What to do
Copy all the entries below exactly, but not the pictures.
***
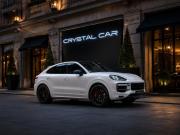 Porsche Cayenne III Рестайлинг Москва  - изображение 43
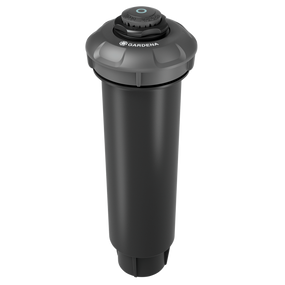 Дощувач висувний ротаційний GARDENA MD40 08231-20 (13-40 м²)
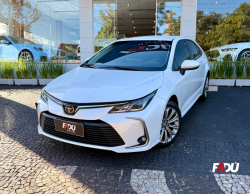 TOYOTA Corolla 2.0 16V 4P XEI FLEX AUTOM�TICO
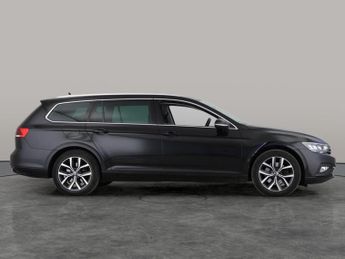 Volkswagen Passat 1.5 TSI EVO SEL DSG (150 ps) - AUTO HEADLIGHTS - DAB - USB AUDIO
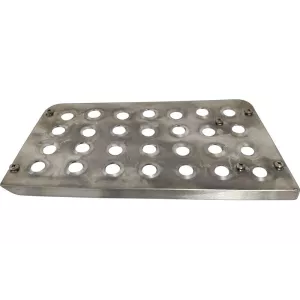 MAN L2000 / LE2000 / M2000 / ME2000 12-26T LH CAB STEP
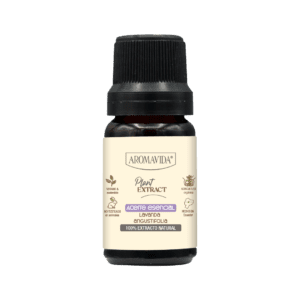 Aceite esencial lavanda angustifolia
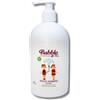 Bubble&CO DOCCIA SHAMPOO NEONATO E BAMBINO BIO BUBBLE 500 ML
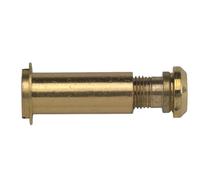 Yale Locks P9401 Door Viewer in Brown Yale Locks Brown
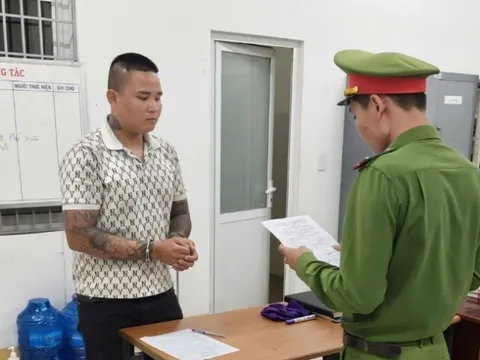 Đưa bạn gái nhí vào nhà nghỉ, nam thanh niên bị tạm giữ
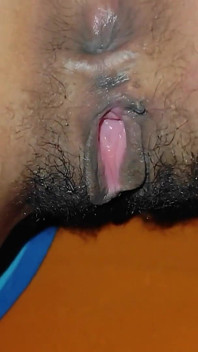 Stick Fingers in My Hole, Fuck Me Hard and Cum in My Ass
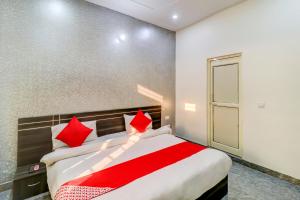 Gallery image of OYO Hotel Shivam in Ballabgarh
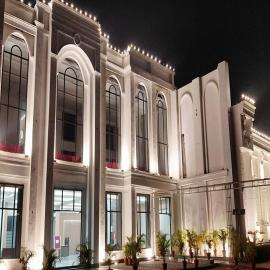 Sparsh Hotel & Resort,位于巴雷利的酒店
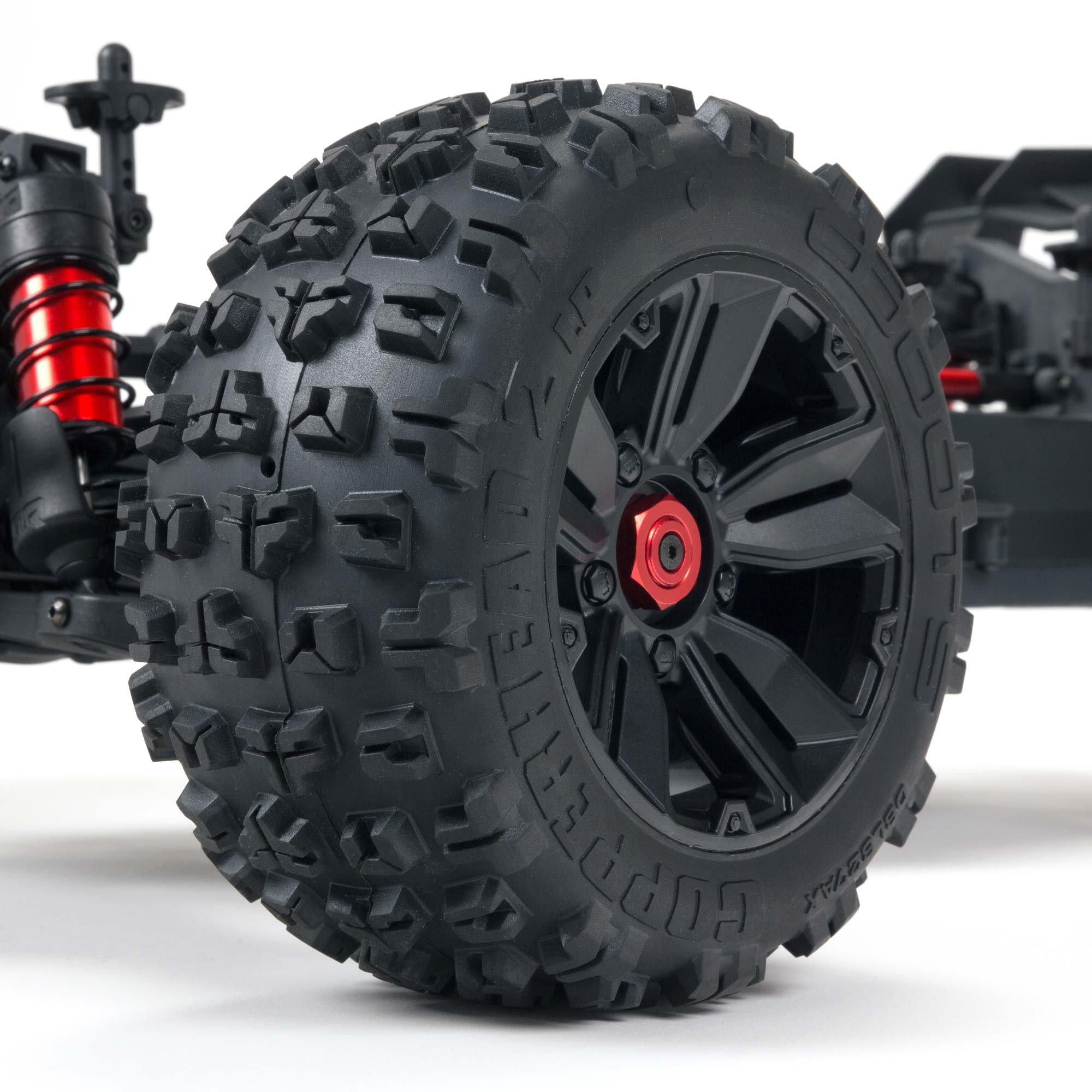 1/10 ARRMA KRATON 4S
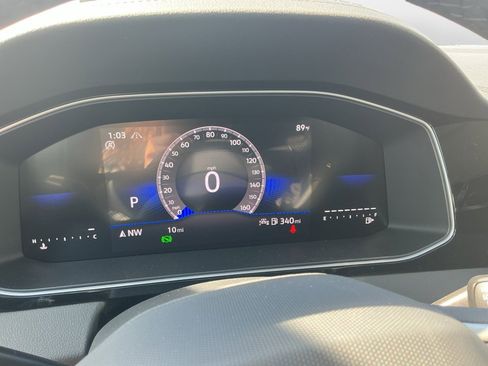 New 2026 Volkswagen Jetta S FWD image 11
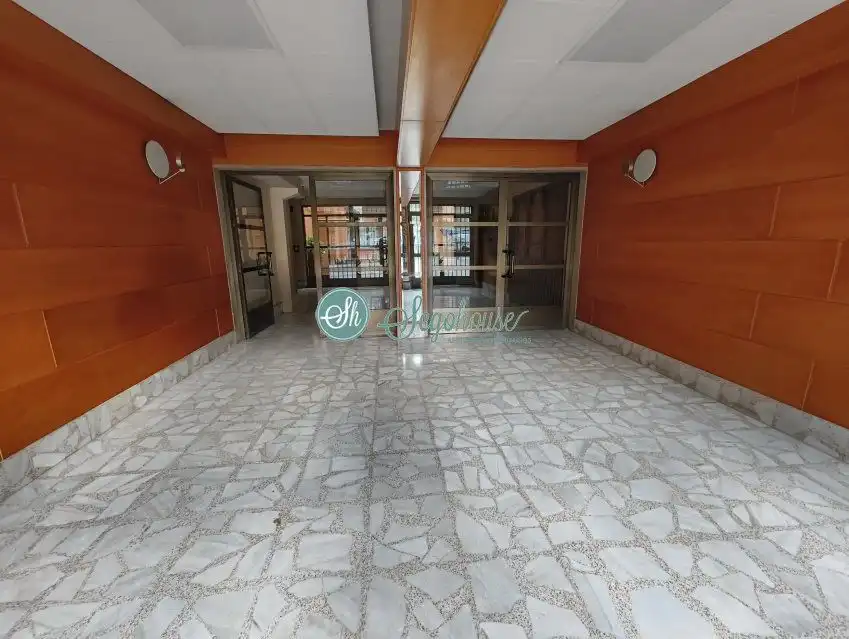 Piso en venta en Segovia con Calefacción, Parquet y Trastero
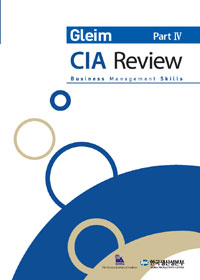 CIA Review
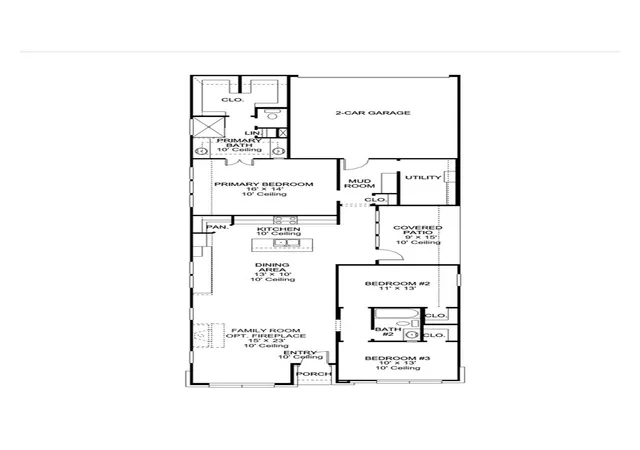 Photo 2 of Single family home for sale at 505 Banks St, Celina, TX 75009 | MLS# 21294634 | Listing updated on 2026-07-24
***
Solution
 Porsche Cayenne III Рестайлинг Москва  - изображение 43
 Дощувач висувний ротаційний GARDENA MD40 08231-20 (13-40 м²)
 TOYOTA Corolla 2.0 16V 4P XEI FLEX AUTOM�TICO
 Volkswagen Passat 1.5 TSI EVO SEL DSG (150 ps) - AUTO HEADLIGHTS - DAB - USB AUDIO
 MAN L2000 / LE2000 / M2000 / ME2000 12-26T LH CAB STEP
 Aceite esencial lavanda angustifolia
 Bubble&CO DOCCIA SHAMPOO NEONATO E BAMBINO BIO BUBBLE 500 ML
 Yale Locks P9401 Door Viewer in Brown Yale Locks Brown
 Đưa bạn gái nhí vào nhà nghỉ, nam thanh niên bị tạm giữ
 Stick Fingers in My Hole, Fuck Me Hard and Cum in My Ass
 Gallery image of OYO Hotel Shivam in Ballabgarh
 Sparsh Hotel & Resort,位于巴雷利的酒店
 1/10 ARRMA KRATON 4S
 New 2026 Volkswagen Jetta S FWD image 11
 Piso en venta en Segovia con Calefacción, Parquet y Trastero
 CIA Review
 Photo 2 of Single family home for sale at 505 Banks St, Celina, TX 75009 | MLS# 21294634 | Listing updated on 2026-07-24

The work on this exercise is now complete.